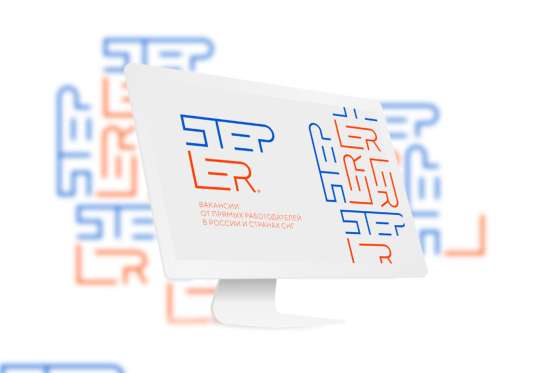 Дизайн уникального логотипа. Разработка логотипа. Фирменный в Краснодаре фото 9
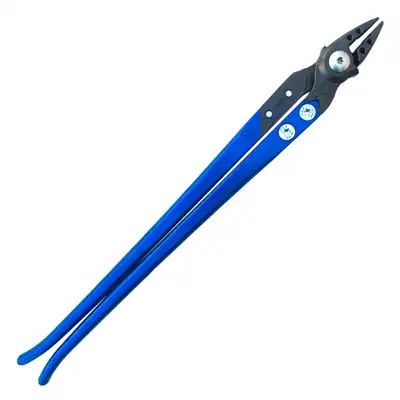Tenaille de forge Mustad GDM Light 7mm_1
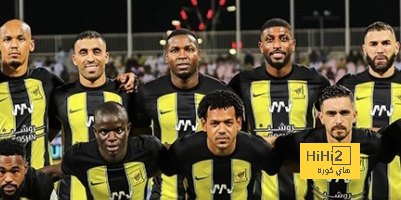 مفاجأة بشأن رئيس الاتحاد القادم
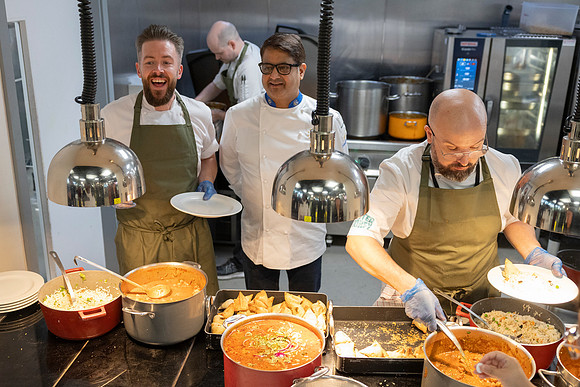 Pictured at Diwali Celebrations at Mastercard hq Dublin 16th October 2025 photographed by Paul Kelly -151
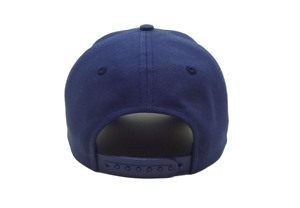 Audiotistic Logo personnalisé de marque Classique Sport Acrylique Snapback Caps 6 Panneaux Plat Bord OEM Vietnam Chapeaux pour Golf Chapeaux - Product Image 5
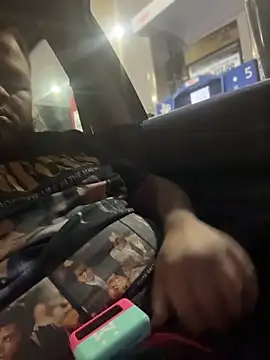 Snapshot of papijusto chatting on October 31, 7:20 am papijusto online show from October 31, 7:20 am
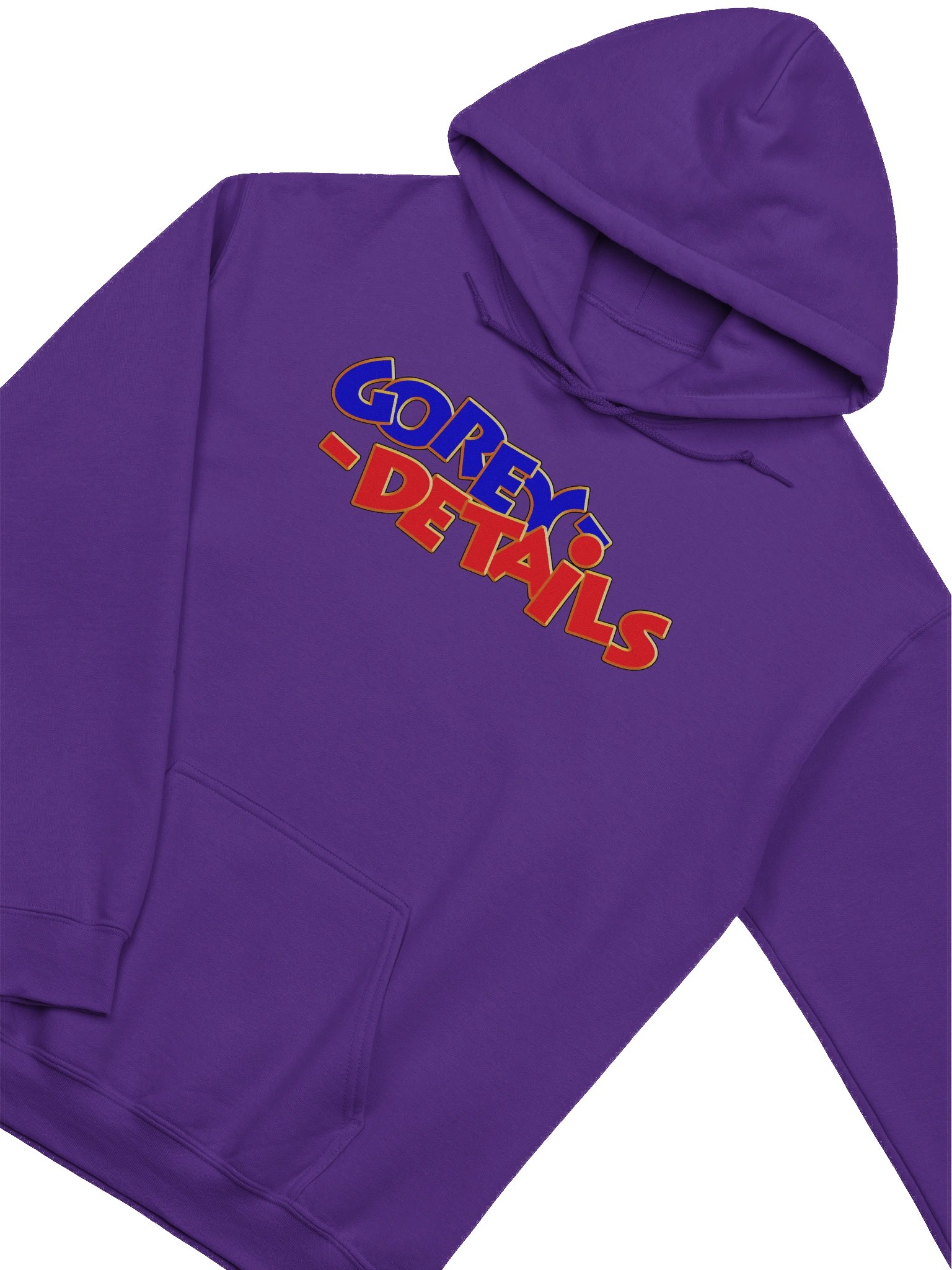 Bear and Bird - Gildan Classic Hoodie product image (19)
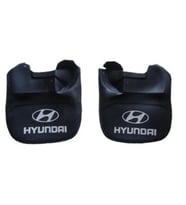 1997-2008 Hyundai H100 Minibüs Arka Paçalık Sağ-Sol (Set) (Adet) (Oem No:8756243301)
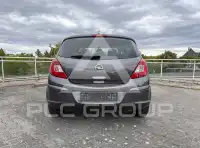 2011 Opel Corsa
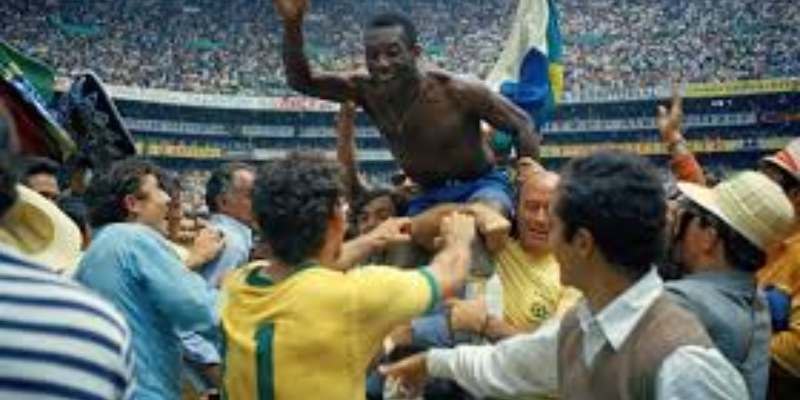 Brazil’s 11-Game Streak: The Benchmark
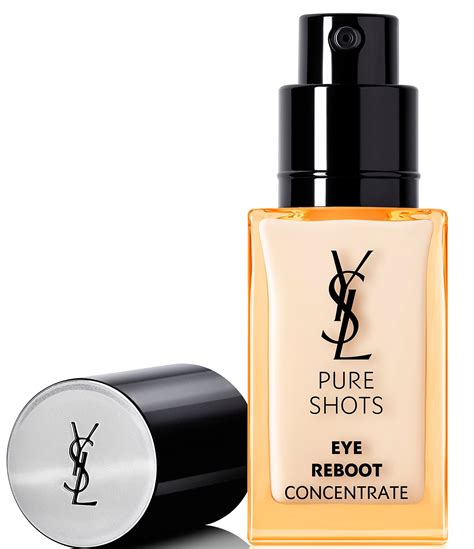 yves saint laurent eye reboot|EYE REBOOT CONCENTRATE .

====

▶ What needs to be done
The whole of the data above needs retyping exactly, with pictures omitted.

▶ Finished task
 Дизайн уникального логотипа. Разработка логотипа. Фирменный в Краснодаре фото 9
Tenaille de forge Mustad GDM Light 7mm_1
 مفاجأة بشأن رئيس الاتحاد القادم
 Pictured at Diwali Celebrations at Mastercard hq Dublin 16th October 2025 photographed by Paul Kelly -151
 Audiotistic Logo personnalisé de marque Classique Sport Acrylique Snapback Caps 6 Panneaux Plat Bord OEM Vietnam Chapeaux pour Golf Chapeaux - Product Image 5
 Snapshot of papijusto chatting on October 31, 7:20 am papijusto online show from October 31, 7:20 am
 Bear and Bird - Gildan Classic Hoodie product image (19)
 1997-2008 Hyundai H100 Minibüs Arka Paçalık Sağ-Sol (Set) (Adet) (Oem No:8756243301)
 2011 Opel Corsa
 Brazil’s 11-Game Streak: The Benchmark
 yves saint laurent eye reboot|EYE REBOOT CONCENTRATE .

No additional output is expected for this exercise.